How could I not feel some tenderness, then, for the eager, slightly desperate young woman, whose jaunty, exclamation-laden sentences skated across a decade of life changes? She, who fell in love with a different boy in every letter from college to graduate school, who feigned a literary seriousness she had not truly earned, who traveled from England, to France, to Italy, to South Korea, with generic enthusiasm, and an astonishing lack of curiosity? I was that girl, and it was an act, but there was courage in it, and a hopefulness that, reading the letters over, kind of broke my heart.
There is a passage from one of the early letters. I had only days earlier arrived in Lancaster, England, for my junior year abroad, and was describing an afternoon spent exploring with a fellow student. At some point, we were walking across a field, which, in my memory, presents as grey and clod-filled, smelling of manure, but it might have been the Brontes’ moors, the way I rhapsodized over it. “There is something about the English countryside,” I gushed. “I just go wild!”
G. and I laughed and laughed at the dopiness of it, the girlish hysteria. I was mortified, at first, but eventually grew forgiving. Between my memories of a life of loneliness and vulnerability, and the breathless fervor of my dispatches from that life, lies the life itself, the up and down of it, the silliness and the seriousness, the weakness and the brave face of it.

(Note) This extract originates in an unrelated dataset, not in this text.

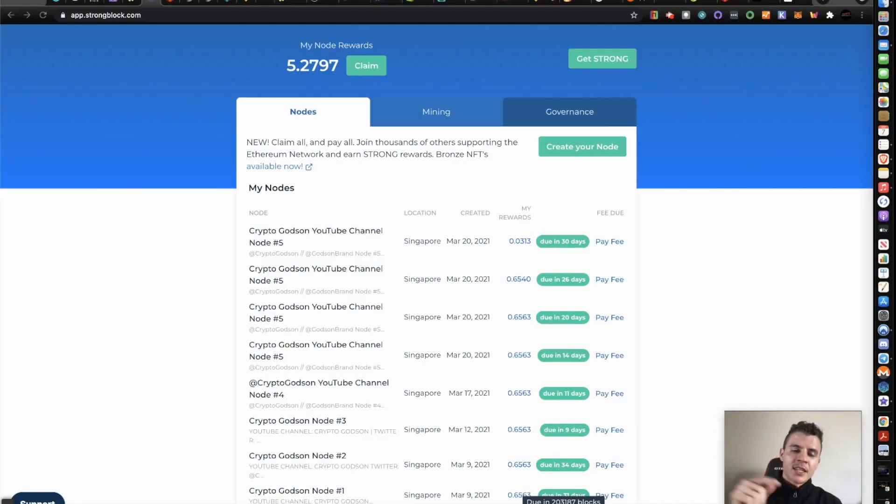Before you do anything, please smash that like button and subscribe if you're not already. Also, join the Telegram group below. Today will be a very quick video to just go through the technical difficulties and release some of the pain points I know that other people are encountering when creating a Strong node and claiming Strong rewards to therefore create another node.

Now that I have Stage 4 cancer, vulnerability is practically my middle name. There is the baldness, and the scarring, and the strange lump of the port-a-cath at my left chest; there is the swelling in my upper arm from the lymphedema, the bruises from low platelet counts, the runny nose and watering eyes from the chemo. And there are the pitying looks from people who know, the gentle condescension of the healthy toward the sick. The thing I hate the most about the disease is the way it reduces me to victim status, whether I like it or not, the way it seems to eclipse my primary identity—my Katherine Min-ness—in the murkish moon shadow of cancer. And the only way I know to rebuke the victimhood, the bleak prognosis, the slew of cytotoxins, and attending side effects, is to keep on reporting from within—silly, smart, scared, brave—I just go wild!